Going to college is not just a four-year experience, it is a choice that affects a lifetime. It is a choice of community; it is a choice of pride. Students develop pride in their university from a variety of different sources; from the quality of faculty, to the feel of the campus, to the state of the facilities. It all factors into that Lobo Pride.

As UNM continues to celebrate birthday after birthday, its buildings are showing the wear and tear of old age. UNM is consistently challenged to fund large building projects that are imperative to the future of the University, and has recently defined several projects as the top building needs for the campus. These projects will, in part, be funded by the issuance of institutional bonds:

  • Physics & Astronomy (PAIS) building
  • Johnson Center Expansion & Renewal (JCER)
  • Anderson School of Management building
  • Renovation of Smith Plaza/Union Square
  • UNM Children’s Campus

There are many aging buildings on campus that do not provide adequate space, technology, heating, cooling, and ventilation, energy efficiencies, or meet the requirements of the Americans with Disabilities Act (ADA). The Physics and Astronomy building, in particular, has housed very high level research for many years, and the researchers in this department are pioneers in several fields of study.  But the facilities where this research is conducted are less than adequate, and it has negatively affected the recruitment of top students and faculty.

“Faculty within the Physics and Astronomy department are doing incredible things in an otherwise unremarkable and increasingly unusable building,” says Travis Scholten, a UNM graduate student in the Physics and Astronomy department.

Scholten goes on to say that campus infrastructure is imperative to recruitment, and the overall vitality of UNM.

“[A new building] would help faculty do better research and attract better talent. This creates a virtuous circle: a better building attracts better talent, which draws in better students, and both do better research, allowing us to hire better people.” 

The 2013 NASPA (Student Affairs Administrators in Higher Education) Assessment and Knowledge Consortium Wellness Survey found that 68% of students surveyed reported that campus recreation facilities influenced their decision regarding which university to attend. 94% of students reported that maintaining a healthy lifestyle was important to them prior to enrolling in their chosen university.  UNM’s Johnson Center is the only recreation center found on the Main Campus where students can exercise and play.
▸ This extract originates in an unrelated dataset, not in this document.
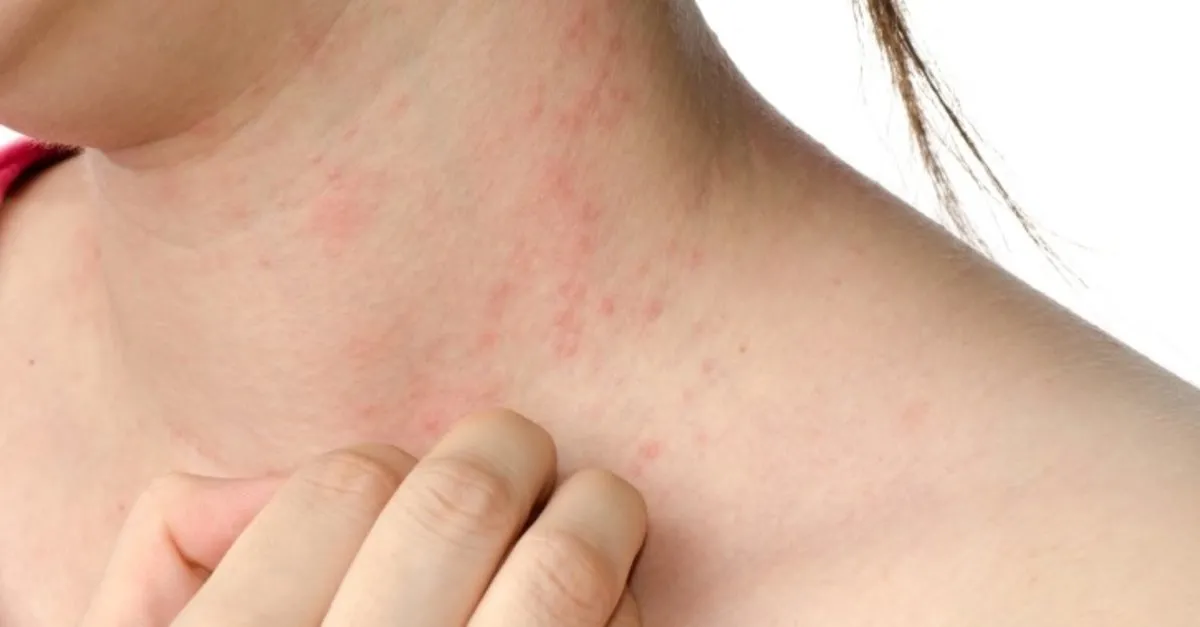 Kovid 19 Un Ilk Bulgusu Deri Dokuntusu Olabilir Saglik Haberleri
In 2014, there were over 1.3 million visitors to Johnson Center, 79% of whom were students.  This highly used, aged facility houses Recreation Services, Health Exercise and Sport Sciences (HESS) courses, and UNM Athletics.  The amenities in this building are sub-par and not competitive when compared with peer institutions.  “Looking at the facilities at universities like LSU and Florida State the resources that those schools put into their rec centers far outweigh what we have here at UNM,” says Mark Orgeron, PhD student in UNM’s Sports Administration program.

Orgeron explains that he thinks Johnson Center could benefit from an expansion and renewal.

“I think the facility definitely needs an upgrade. I think the classroom technology needs to be improved, the HVAC system is terrible on a good day, and it’s really a shame when visiting volleyball teams come in and don’t have an actual, professional locker room to be had.”

Beyond recreation and research, tens of thousands of students come to UNM to learn in the classroom. Dr. Steven Yourstone, chair of the Anderson School of Management (ASM), recently gave a tour of his facilities to members of the student government. 

“The east and west ASM buildings were constructed in 1968 and were designed for chalk boards and typewriters,” he said during the tour. “Business and government employers expect students to be educated in critical thinking and teamwork in modern facilities. Modern classrooms are flexible and have floor to ceiling heights that can accommodate modern technologies such as flat panel displays for team collaboration.”

Modern buildings and spaces do more than just support the research mission of a university. They engage the campus community, and instill a collaborative and diverse environment where people want to be. 

Smith Plaza is a highly visible and utilized area located in the heart of campus. Last year, this space was used for various student-centered events. It was booked 244 times for a total of 1,412 hours of use, despite the fact that it is a generally uninviting space. There are many ADA compliance issues with the plaza as well. 

Debbie Morris, director of the Student Activities Center, believes this space can be redesigned to create a functional area for student programming that can be safe and provide a beautiful centerpiece to campus that everyone can be proud of.

UNM has already begun the process of building new, modern, technologically compatible spaces across campus. The Collaborative Teaching and Learning Building (CTLB) and the new Science and Math Learning Center were designed to be innovative and modern while fostering collaboration amongst students in and out of the classroom.

UNM must take action when it comes to addressing its many mature spaces and buildings if it is to continue to serve New Mexico and its students. Social engagement, access to resources, recreation, and student wellness are major factors in the overall success of the college student. Modern spaces designed to facilitate this student success is just what UNM needs.